Multitasking: Nervigste Erfindung der Arbeitswelt



Multitasking, täglich verschiedenste Bälle jonglieren und zugleich noch produktiv sein. Doch kann das eigentlich funktionieren?

Was ist Multitasking?

Unter Multitasking (seltener menschliches Multitasking) versteht man die Fähigkeit eines Menschen, mehrere Tätigkeiten zur gleichen Zeit oder abwechselnd in kurzen Zeitabschnitten durchzuführen, so z. B. eine E-Mail zu verfassen und gleichzeitig einem Bericht zuzuhören. Quelle: Menschliches Multitasking

Es geht hier also um das, was die meisten von Euch aus dem Job kennen dürften. Darum, gleichzeitig mehrere Dinge zu tun. OK, tatsächlich macht Ihr das zwar gar nicht, aber es fühlt sich so an. Denn Euer Gehrin funktioniert da fast so wie ein Computer-Prozessor.

Der macht nämlich auch immer nur eine Sache. Er schaltet dabei nur sehr schnell zwischen der einen und der anderen Aufgabe hin und her. Und das Ergebnis schiebt er dann in eine Art Zwischenspeicher.

Und genau das macht das Gehirn auch. Es arbeitet eben seriell und nicht parallel. Für das Umschalten hat sich im Englischen der Begriff "Context Switching" verbreitet. Das heißt, das Gehirn schaltet jedes mal in einen anderen Kontext.

Was ist Monotasking?

Mit Monotasking meine ich den Moment, wenn man sich für einen längeren Zeitraum einer einzigen Aufgabe widmet. Wenn man ganz in dieser aufgeht und sie erst unterbricht, wenn ein guter Zwischenstand (oder gar das Ende) erreicht ist.

Man fokussiert sich auf ein Ziel und arbeitet, bis man es erreicht hat - ungestört und nicht unterbrochen.

Teure Unterbrechungen

Doch genau hier liegt das Problem. Wer kann schon von sich behaupten, dass einen die lieben Kollegen, Kunden, Vorgesetzten eine (Teil-)Aufgabe wirklich ununterbrochen abarbeiten lassen?
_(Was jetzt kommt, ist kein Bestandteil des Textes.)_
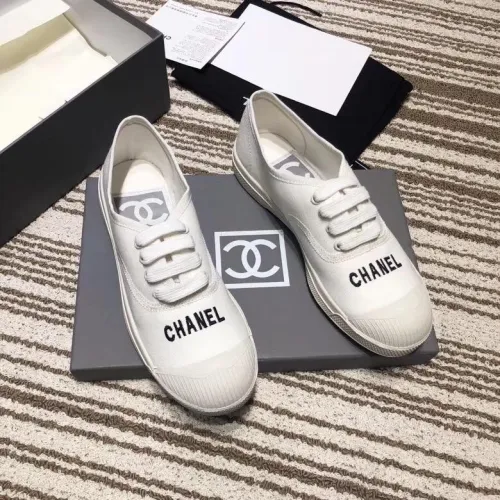 women flat shoes, size 35-40, with box ,  SS60-670
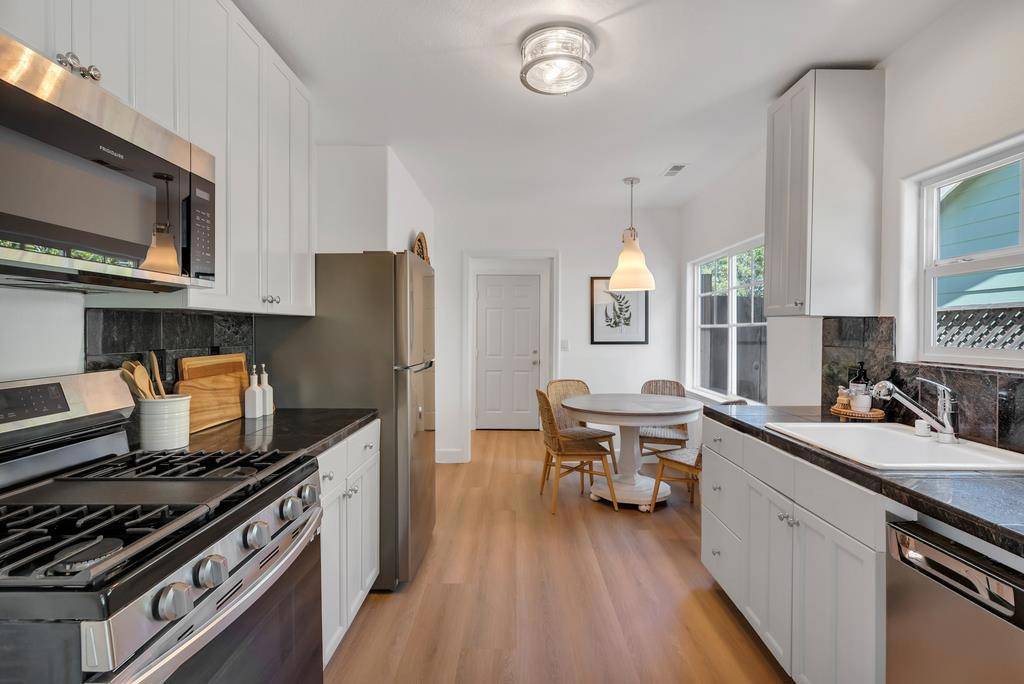 Santa Cruz, CA 95065,2625 Howe ST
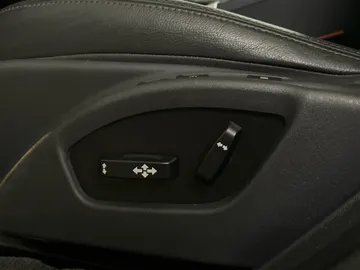 2018 Volvo V60 Cross Country - image 20
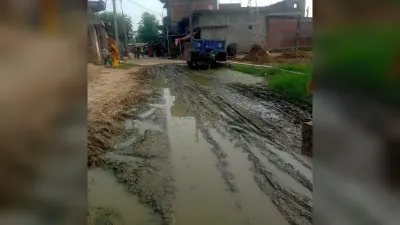 सड़क पर कीचड़ व जलजमाव से ग्रामीण परेशान, जिम्मेदार मौन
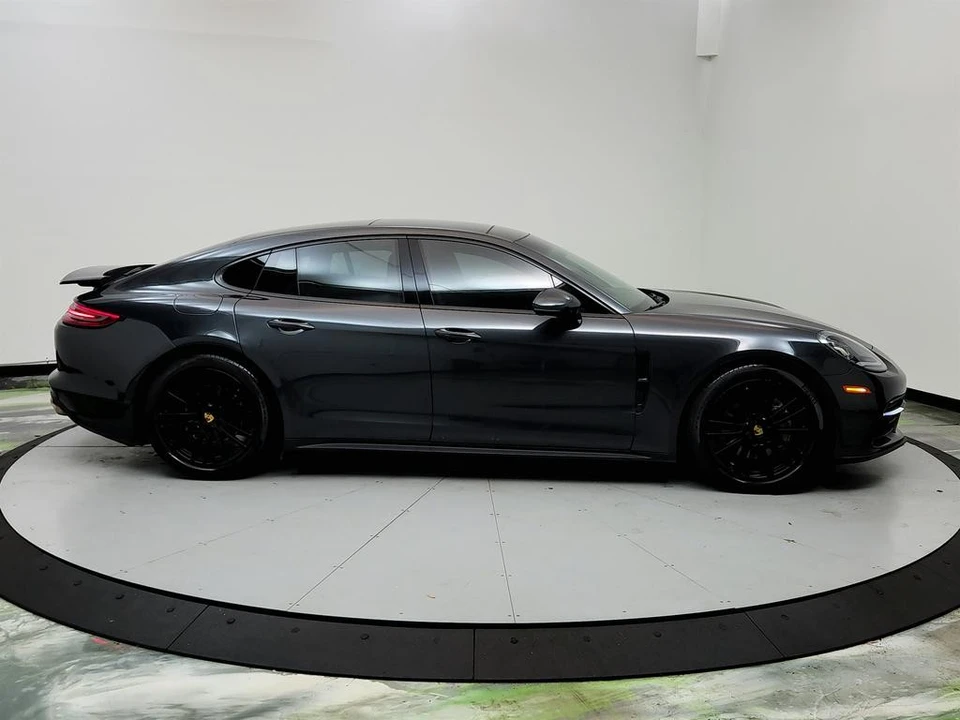 2018 Porsche 971 Panamera - Image 4 of 12
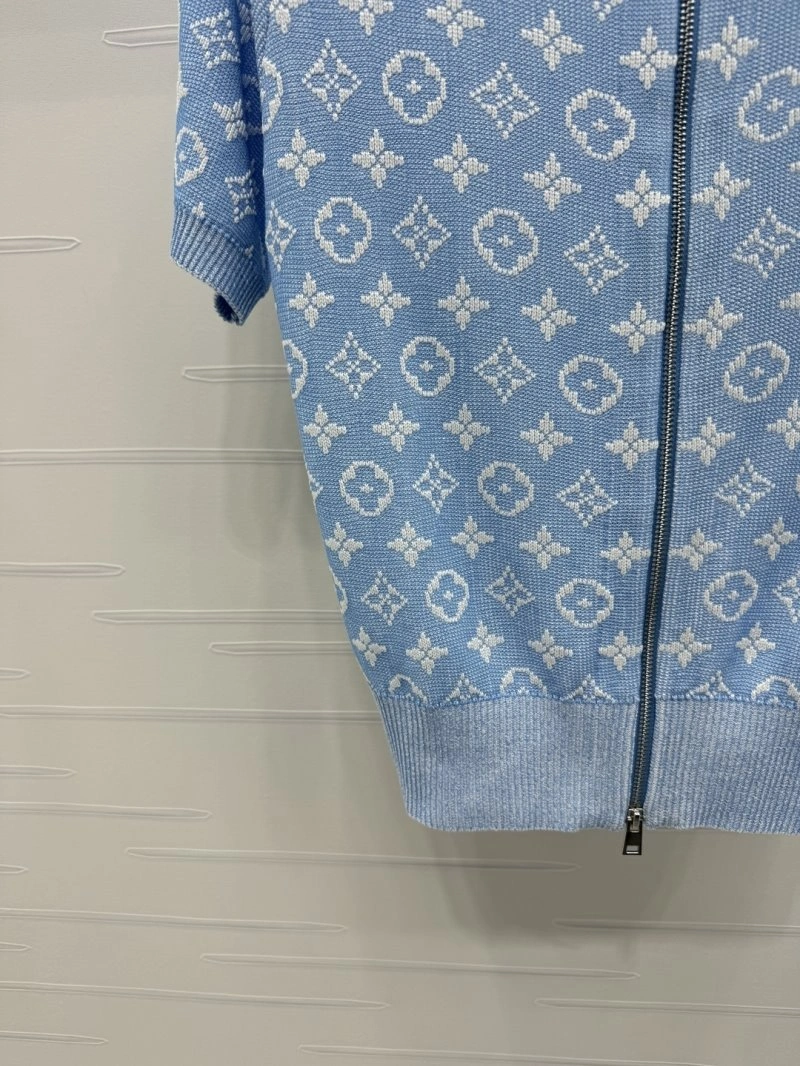 ComfortFit Louis Vuitton Short Suits 131030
Wer von uns kennt nicht den (gefürchteten) Moment des:

"Kannst Du mal kurz?"

Und egal was wir tun - Unterbrechungen sind hartnäckige Biester. Kopfhörer im Ohr? Kaputze vom Pulli auf dem Kopf? Egal, was wir uns als "Symbole" für den Wunsch ungestört zu arbeiten einfallen lassen, diese Biester beißen uns dennoch in die Wade.

Oftmals, muss ich ja zugeben, ist das kein Problem. Unsere Aufgaben sind nicht gerade geistig fordernd und so stört uns die Unterbrechung meist nicht.

Doch es gibt diese Momente. Es gibt diese Probleme, in die wir uns verbeißen und uns auf die Jagd nach der Lösung begeben. Und genau hier ist die Gefahr der teuren Unterbrechung am größten.

Ich erinnere mich an meine Studienzeit. Wenn ich Hausarbeiten geschrieben habe und meine Gedanken ganz dem vor mir liegenden Text galten, der mir aus den Fingern floß. Wenn ich einen ganzen Argumentations-Strang im Kopf jongliert habe und versuchte ihn in geordneter Form zu Papier zu bringen, so dass mein Argument saß.

Dann, genau dann klingelte es an der Tür. Ich kannte dieses Doppelklingeln. Es war mein Vater, der im gleichen Haus gewohnt hat - und meist eine (nicht dringende) Frage hatte.

Irgendwann hatte es sich eingebürgert, dass er einfach klingelt, ich die Tür zum Treppenhaus aufmache und seine Frage beantworte. Normalerweise auch kein Problem. Nur in diesen besonderen Momenten eben, da kostete mich das Klingeln - und die Beantwortung der Frage gerne mal 15 - 30 Minuten.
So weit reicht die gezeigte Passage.